A Delhi court has convicted AAP MLA Som Dutt for beating and assaulting a man during the 2015 Assembly election campaign.
Additional chief metropolitan magistrate (ACMM) Samar Vishal held Dutt, a legislator from Sadar Bazar constituency here, guilty under section 325 (voluntarily causing grievous hurt without provocation), 341 (wrongful restraint), 147 (rioting) and section 149 (unlawful assembly ) of the Indian Penal Code (IPC).
“There is no doubt that on January 10, 2015 at around 8 pm, Som Dutt, along with his 50 supporters, went to flat no 13 where the complainant was present. The complainant was beaten and assaulted by the accused and his associates due to which he suffered grievous injury,” the court said.

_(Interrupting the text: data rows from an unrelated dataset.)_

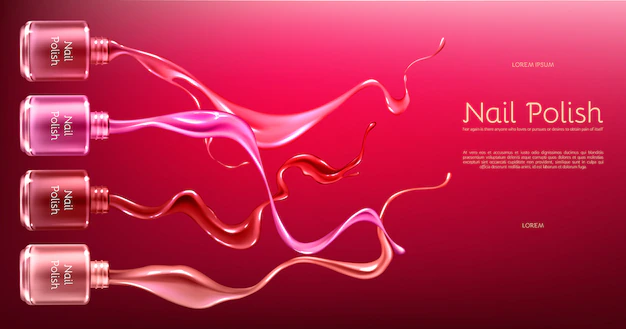 Free Vector | Red or pink nail polish 3d realistic vector ads banner with glass bottle in glossy
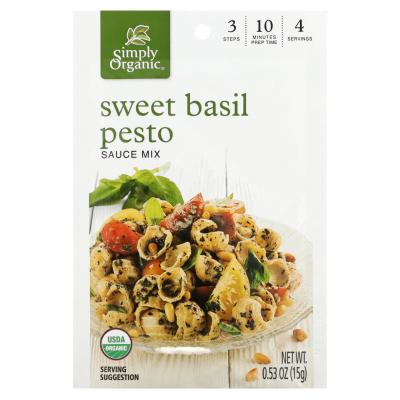 바질 Simply Organic Sweet Basil Pesto Sauce Mix 12 Packets 0.53 oz (15 g) Each, 단일상품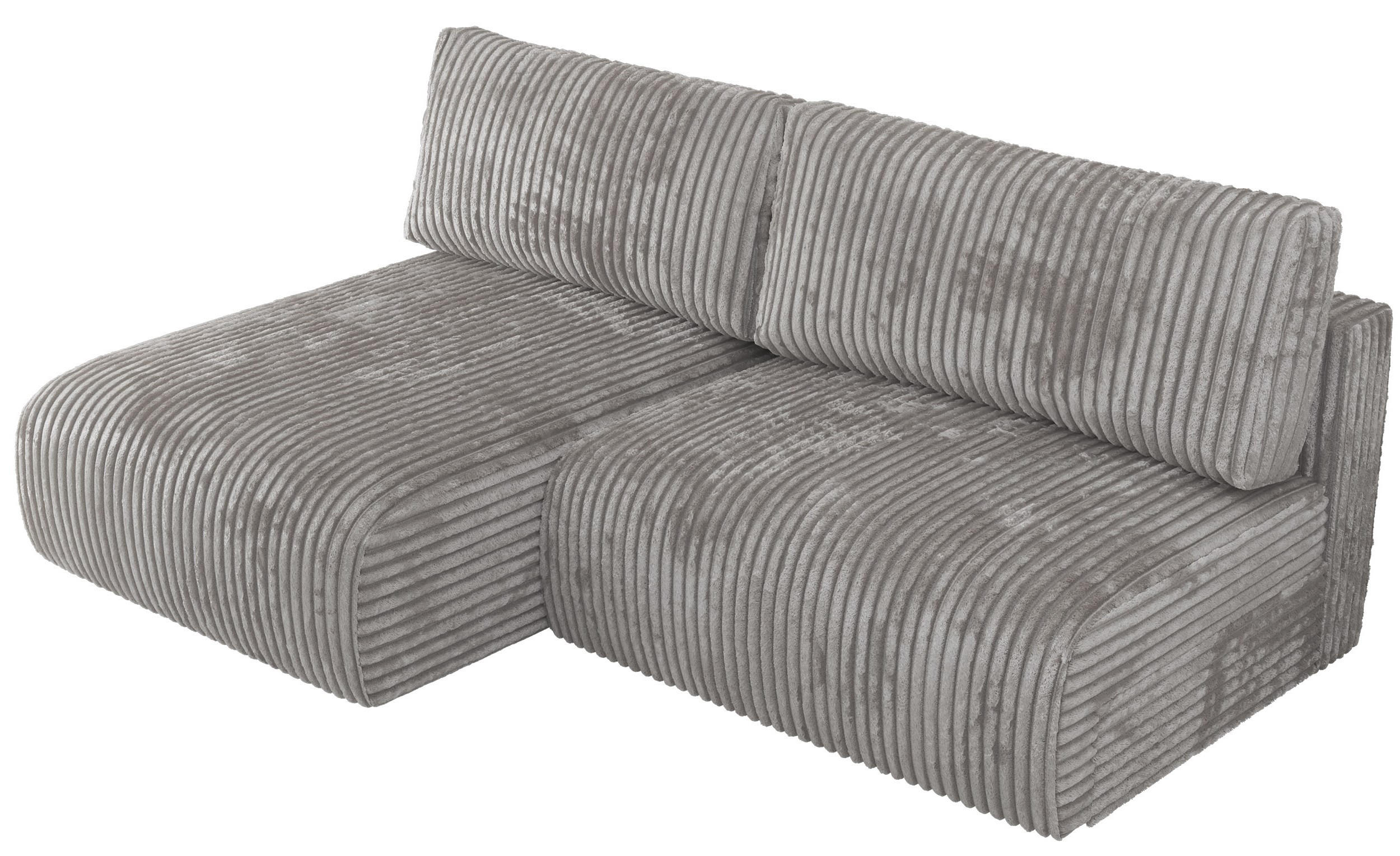 ECKSCHLAFSOFA VIVO L Grau Cord - links - Schwarz/Grau, Kunststoff/Textil (223/150cm) - MKS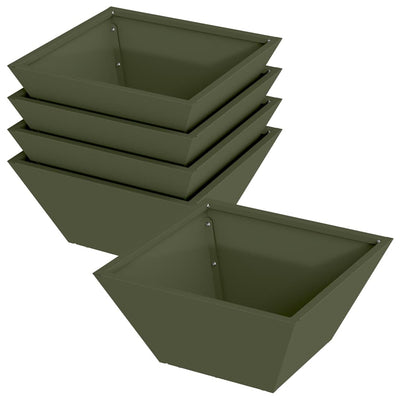 Vidaxl pot de fleur de jardin 5 pcs vert olive 35 x 35 x 15 cm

The maximum punishment for causing grievous injury is seven years. The court will pronounce the quantum of sentence on July 4. The court, however, said the offence of wrongful restraint (Section 341 IPC) is not made out in this case as the complainant was not going anywhere and he was not restrained from proceeding in any direction.
“Further, section 147 of the IPC, which punishes the offence of rioting, is also not made out considering that the intention of accused was only to beat the complainant and no further.
“It is not clear that how many persons apart from the accused had assaulted the complainant and what was their common object, if any,” the court said.
An FIR was lodged against Dutt in 2015 at the Gulabi Bagh police station in North Delhi on the allegation that the MLA and around 50 of his supporters, while campaigning in the locality, had come to the house of complainant Sanjeev Rana. The prosecutor had alleged that when the complainant objected, the MLA allegedly hit him in his legs with a baseball bat and his supporters dragged him out on the road and started beating him, causing grievous injury.
Dutt’s counsel had refuted the arguments of the prosecutor saying the MLA and his supporters were peacefully campaigning in the society and it was the complainant who started quarrelling with Dutt in an inebriated state, on which a cross FIR was also registered by the legislator.